Because of our emphasis on the long term, we may make decisions and weigh tradeoffs differently than some companies. Accordingly, we want to share with you our fundamental management and decision-making approach so that you, our shareholders, may confirm that it is consistent with your investment philosophy:

  • We will continue to focus relentlessly on our customers.
  • We will continue to make investment decisions in light of long-term market leadership considerations rather than short-term profitability considerations or short-term Wall Street reactions.
  • We will continue to measure our programs and the effectiveness of our investments analytically, to jettison those that do not provide acceptable returns, and to step up our investment in those that work best. We will continue to learn from both our successes and our failures.
  • We will make bold rather than timid investment decisions where we see a sufficient probability of gaining market leadership advantages. Some of these investments will pay off, others will not, and we will have learned another valuable lesson in either case.
  • When forced to choose between optimizing the appearance of our GAAP accounting and maximizing the present value of future cash flows, we’ll take the cash flows.
  • We will share our strategic thought processes with you when we make bold choices (to the extent competitive pressures allow), so that you may evaluate for yourselves whether we are making rational long-term leadership investments.
  • We will work hard to spend wisely and maintain our lean culture. We understand the importance of continually reinforcing a cost-conscious culture, particularly in a business incurring net losses.
  • We will balance our focus on growth with emphasis on long-term profitability and capital management. At this stage, we choose to prioritize growth because we believe that scale is central to achieving the potential of our business model.
  • We will continue to focus on hiring and retaining versatile and talented employees, and continue to weight their compensation to stock options rather than cash. We know our success will be largely affected by our ability to attract and retain a motivated employee base, each of whom must think like, and therefore must actually be, an owner.
  • We aren’t so bold as to claim that the above is the “right” investment philosophy, but it’s ours, and we would be remiss if we weren’t clear in the approach we have taken and will continue to take.

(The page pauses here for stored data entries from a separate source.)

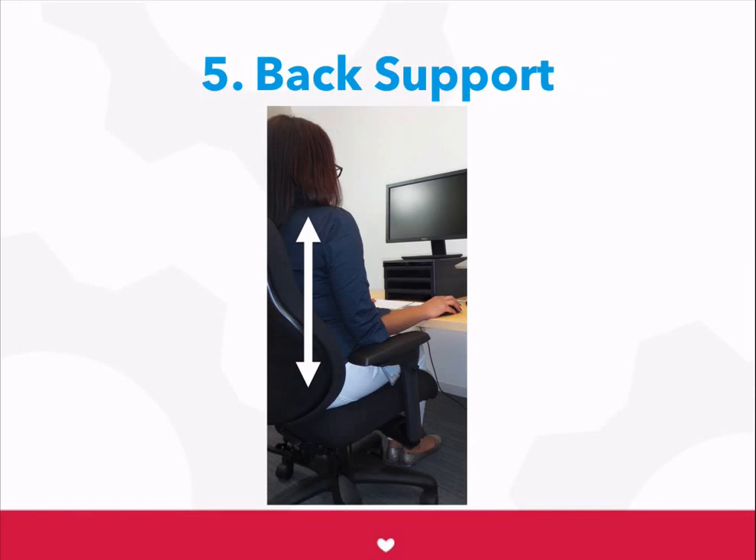Next, make sure your back is being supported by the chair from your low back up to your shoulder blades. If the chair back is too short, you may not have enough support.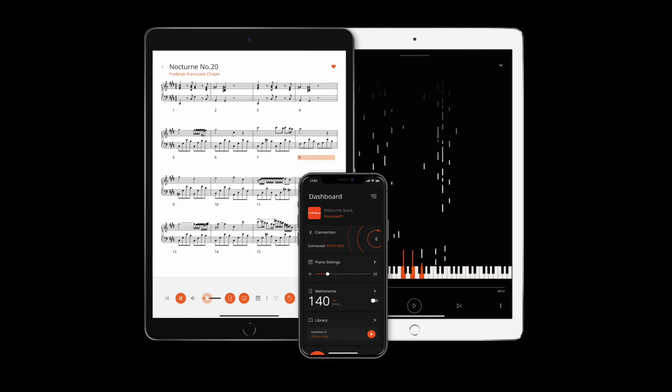It also has Bluetooth audio as well as Bluetooth MIDI, and it's fully compatible with the latest version of the Roland Piano app. There's also a USB memory port where you can record a MIDI performance or play back a standard MIDI file. Through the app and the settings you've got dual mode and twin piano mode, plus basics like transpose and metronome.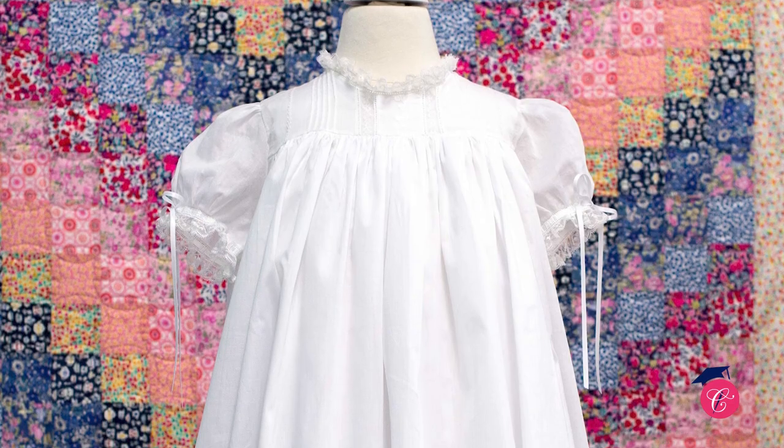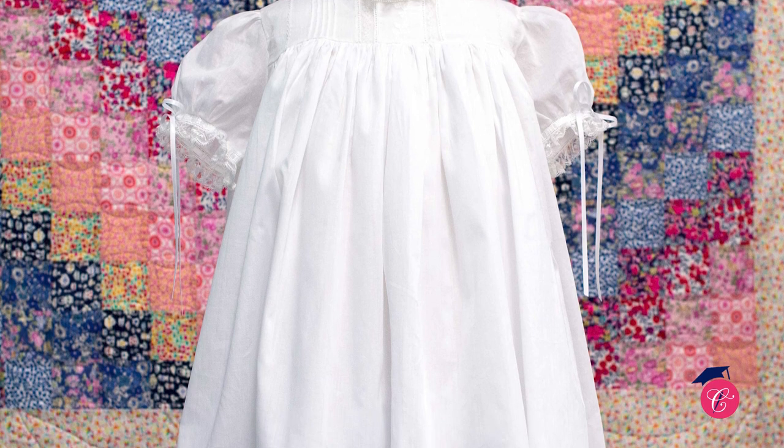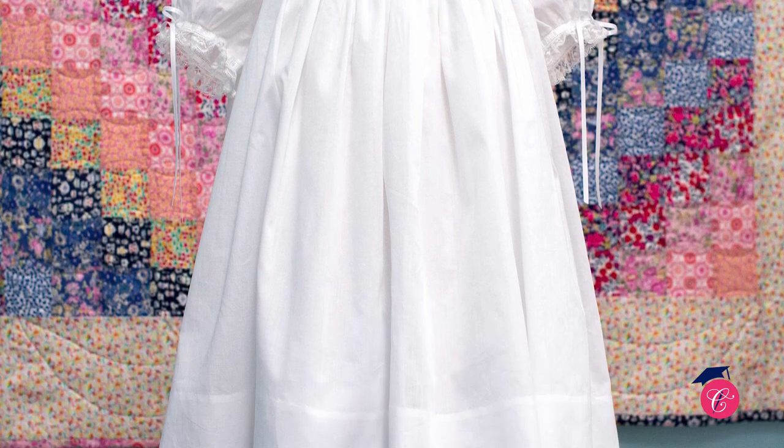Hi, this is Emily. Welcome to the Children's Corner. Sewing an heirloom dress is like putting together a puzzle. And today we're going to start with our Lee bodice dress, which is a great way to start because really you're just layering laces and trying to figure out where your creativity goes.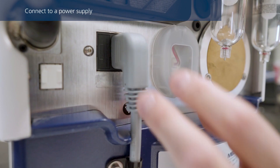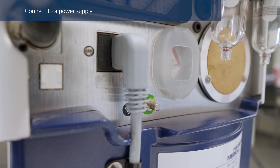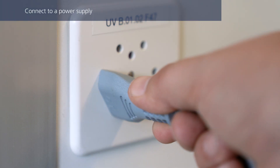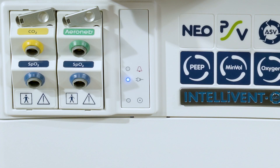Make sure the power cable is firmly connected in the socket to prevent accidental disconnection, and then connect it to the primary power outlet. The primary power indicator is solid blue when the ventilator is plugged in and connected to primary power, even when the ventilator is turned off. If the battery is not charging for whatever reason, the indicator will remain dark.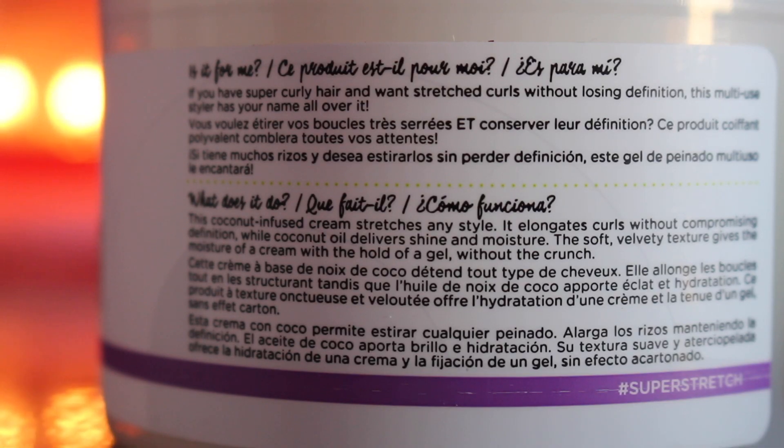It says: this coconut-infused cream stretches any style, elongates curls without compromising definition, while coconut oil delivers shining moisture. The soft velvety texture gives the moisture of a cream with the hold of a gel without the crunch. I already like that — I like something that's going to give me good definition and hold without that crunchy feeling.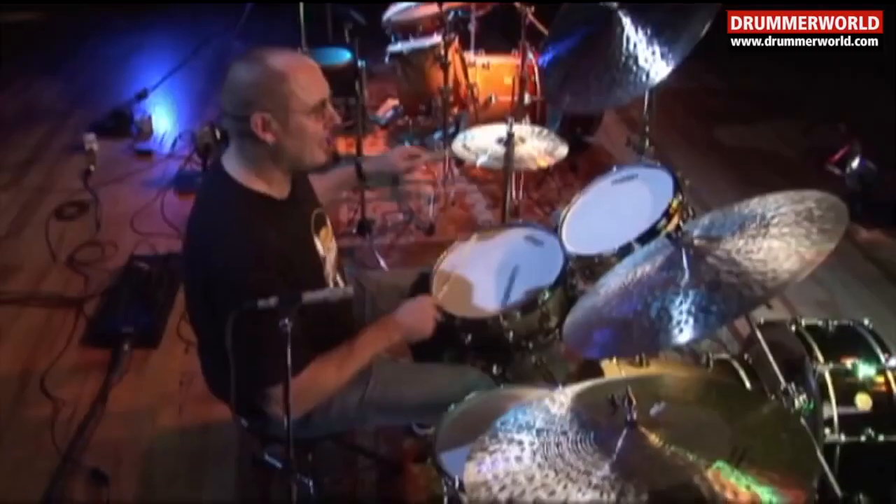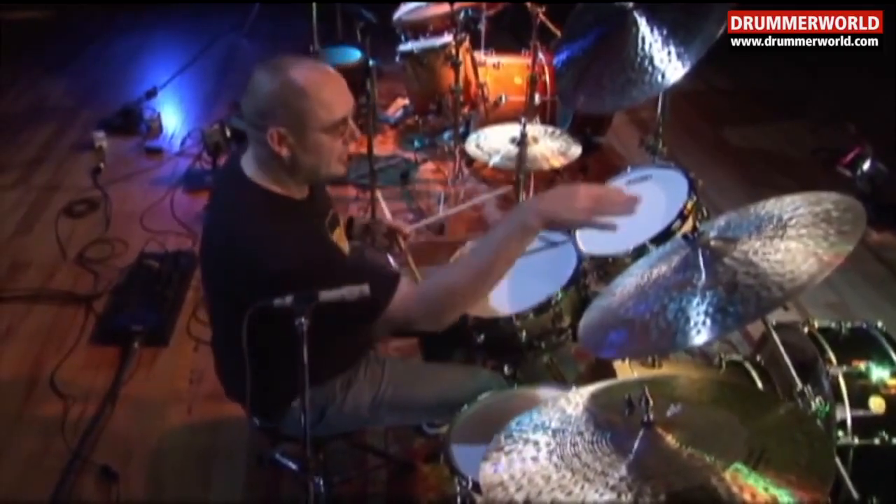So it goes: right, left, right, right, left, left. You've got two diddles after one para.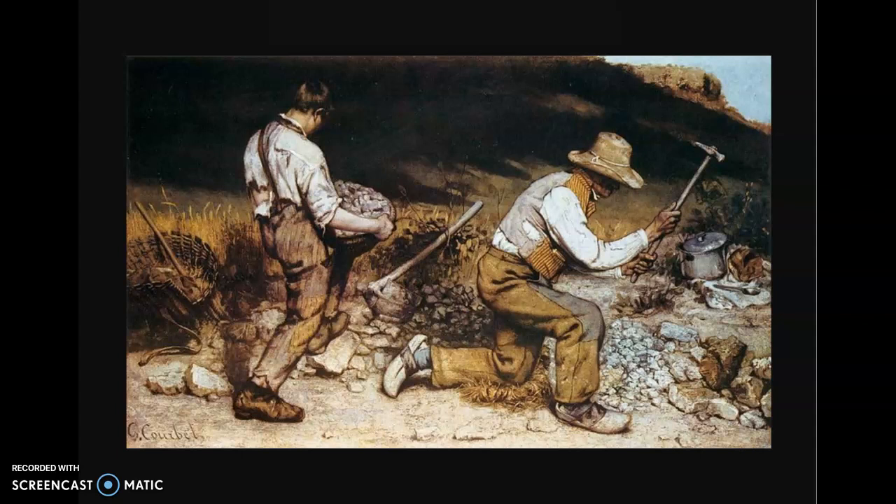If you notice, you can see that the man working on the right seems to be a lot older than the boy on the left. Courbet did that on purpose — he made such a big difference in the workers' ages to symbolize the cycle of poverty. Poverty is not something that's easy to get out of now, and it wasn't easy to get out of then.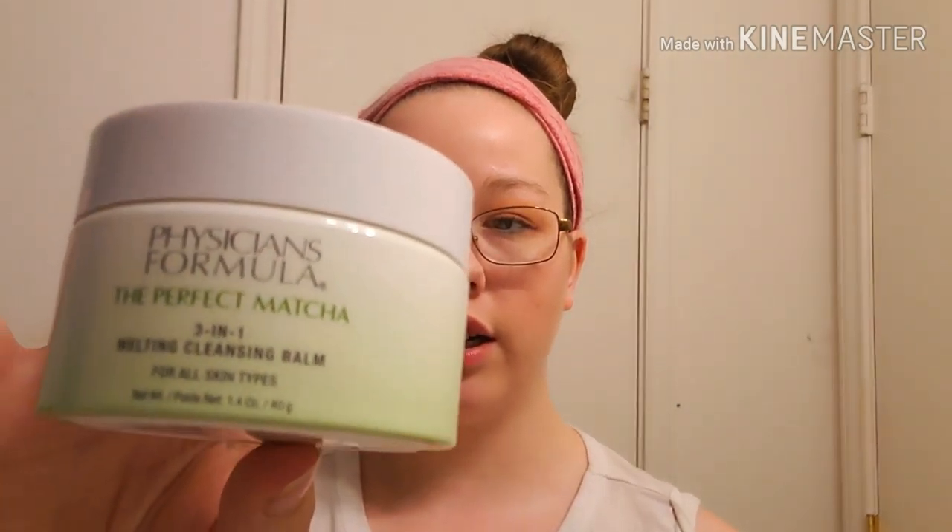Hey you guys, welcome to this video. Today I'm going to be testing out the Physician's Formula Matcha 3-in-1 Cleansing Balm. I have a full face of makeup on — darker eyeshadow and everything — so I'm going to test this out and we are going to see how this goes. This is just what the top looks like.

Thus, it is no surprise that all shareholders understand that even without accounting profit, Amazon possesses tremendous economic value and potential. To me, laying out your principals as transparently as possible and attract the most suitable shareholders and customers, is the “right” way of conducting business.

 

Last, some quick takeaway as an investor from this lengthy thinking process:

  • Activists are not evil, they are mostly business owner thinking partners, however the existing system does disadvantage management by giving activists power without corresponding accountability.
  • Short-termism is a human nature, that’s hard to overcome. A good system is one that can utilize constituents’ pursuit of short term incentives, to achieve bigger (social) goals. This type of system is hard to design and hard to come by. The university endowment system seems to be one.
  • The best investors are the one with business-thinking mindset, and the best businessmen are the one with investor-thinking mindset. Look for management think like investors.
  • Transparency upfront is a good way of conduct business, either corporate or investment management.